Estavam sozinhos ali. Ela não dormira durante toda a noite. E de tanto observá-la, o boticário acabou por adormecer. Era confuso observar uma linda jovem que mesmo estática possuía alguma grandeza de movimentos. Era uma ansiedade descontrolada. Cada cigarro parecia a possível queima de um pensamento.
Passadas algumas horas, o boticário acorda e surpreende a jovem que se assusta com o despertar agressivo daquele homem que ela acabara de descobrir. Ainda não o tinha visto. Era como se estivesse sozinha nesta viagem.
Ao olhar para ele, ela deixa cair o cigarro. Parece que finalmente algo desviara sua atenção: o sorriso de um homem. Uma boca grossa, morena, dentes grandes de um predador. Bastou que ele entreabrisse os lábios para que ela, sem nenhum pudor, passasse para o lado do homem que despertara sua atenção. E seu desejo.
Olhou para os lados e viu que todos dormiam. Sentiu-se mais uma vez sozinha naquele trem. Mas agora ela não estava só, estava a sós. Sem nenhuma demora arrancou do boticário um beijo que o fez paralisar. Beijaram-se por longas horas...Até que o dia amanheceu.
Constrangido o boticário diz:
- Senhorita...Desculpe-me...Mas...Como se chama?
- Desculpe-me senhor! Ela sorri. Tenha um bom dia!
Ela pega sua bolsa, despede-se com um adeus breve e um sorriso sedutor. Ele ameaça ir atrás dela, porém se sente repelido por aquela beleza que só conseguira ver ao nascer do dia.
Quando recuperou o fôlego, sentou-se novamente e percebeu que ela havia esquecido uma caixa. Ele abriu e viu que eram seus cigarros que tanto os acompanharam durante a noite.
Por um segundo pensou em entregá-la pela janela. Mas Angélica já havia desaparecido.
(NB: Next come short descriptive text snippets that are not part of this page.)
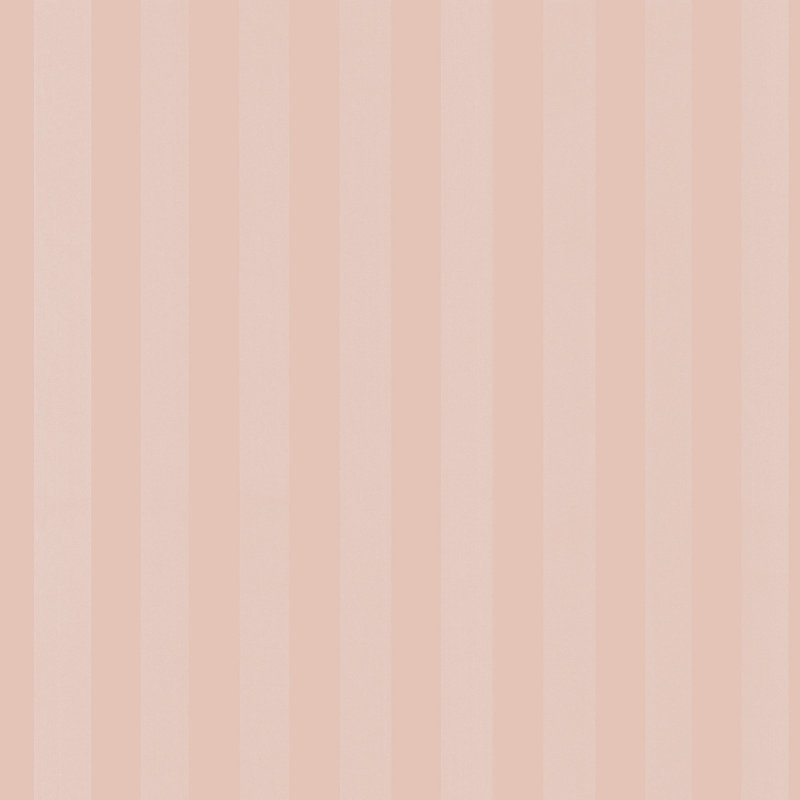Classic Silks 4 1005.84 x 134.62 cm Roll, Pink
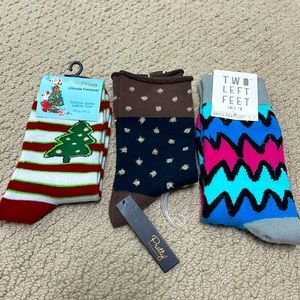 Women Socks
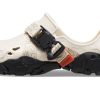 Crocs All-Terrain Atlas ”Stucco” 208173-16U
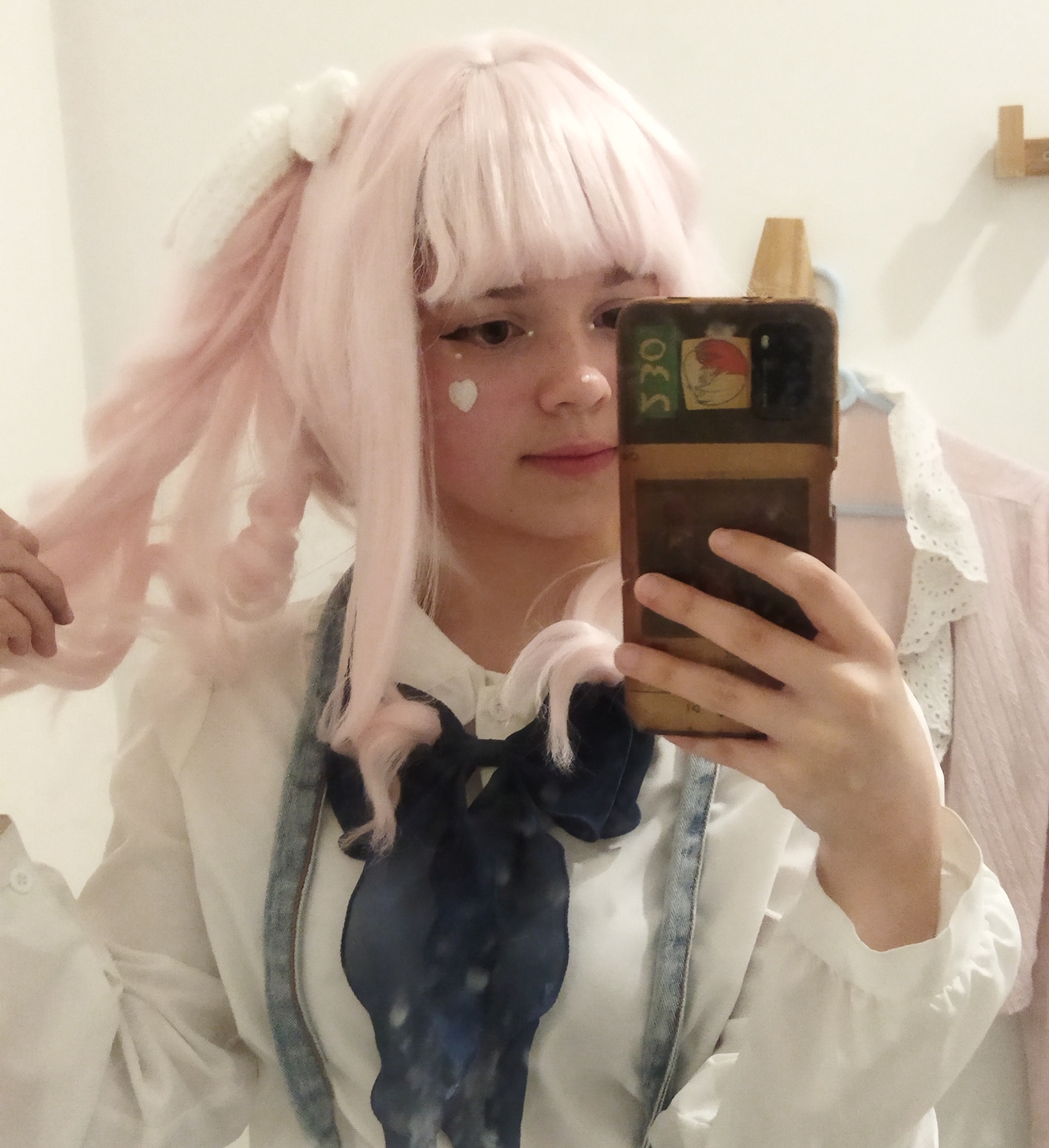 Mizuki 🎀, photo 11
quinta-feira, 22 de janeiro de 2009

Busca


Dona Só. 67 anos, viúva. É o que todos apostam. Tem cabelos ruivos, com cachos nas pontas. Pele branca, repleta de sinais no colo, olhos sem rumo e boca cerrada.

Vive sozinha num apartamento com vista para o mar. Não fala com ninguém, a não ser com uma estátua que embeleza sua sala.
Dona Só sai todas as tardes, sempre no mesmo horário, às 16:45, para caminhar na areia cinzenta da praia do Sossego. Ela caminha de cabeça baixa, cabelos presos e sempre, sempre com a mesma roupa.
Todos os vizinhos e transeuntes fitam os olhos curiosos nessa senhora que ninguém sequer sabe o nome. Todos a chamam de Dona Só. Foi uma maneira de aproximar ela da realidade cotidiana e da vida de cada um. Ela faz parte das conversas nas mesas de jantar, nas rodadas de dominó, nos bares...
Passados 35 minutos, Dona Só volta em direção ao prédio que mora. Entra, faz com a cabeça para o porteiro e sobe pelas escadas. Não, ela não mora no primeiro andar. São cinco lances de escadas que separam o hall do prédio do seu apartamento.
Como em um ritual, ela apaga as luzes, acende um incenso, liga sua vitrola herdada do pai e ouve Paulo Vanzolini cantar sua Ronda. Assim ela faz todos os dias. O mesmo horário, a mesma roupa, o mesmo ritual. Há sete anos ela vive assim.
Depois de um banho de banheira, ela senta na sua varanda, olha as ruas movimentadas e lembra da sua juventude agitada, que contrasta com seu presente mórbido e curioso. As luzes da cidade se apagam e apenas ela não dorme.
O que ilumina agora é a ponta do cigarro preto que ela não deixa apagar.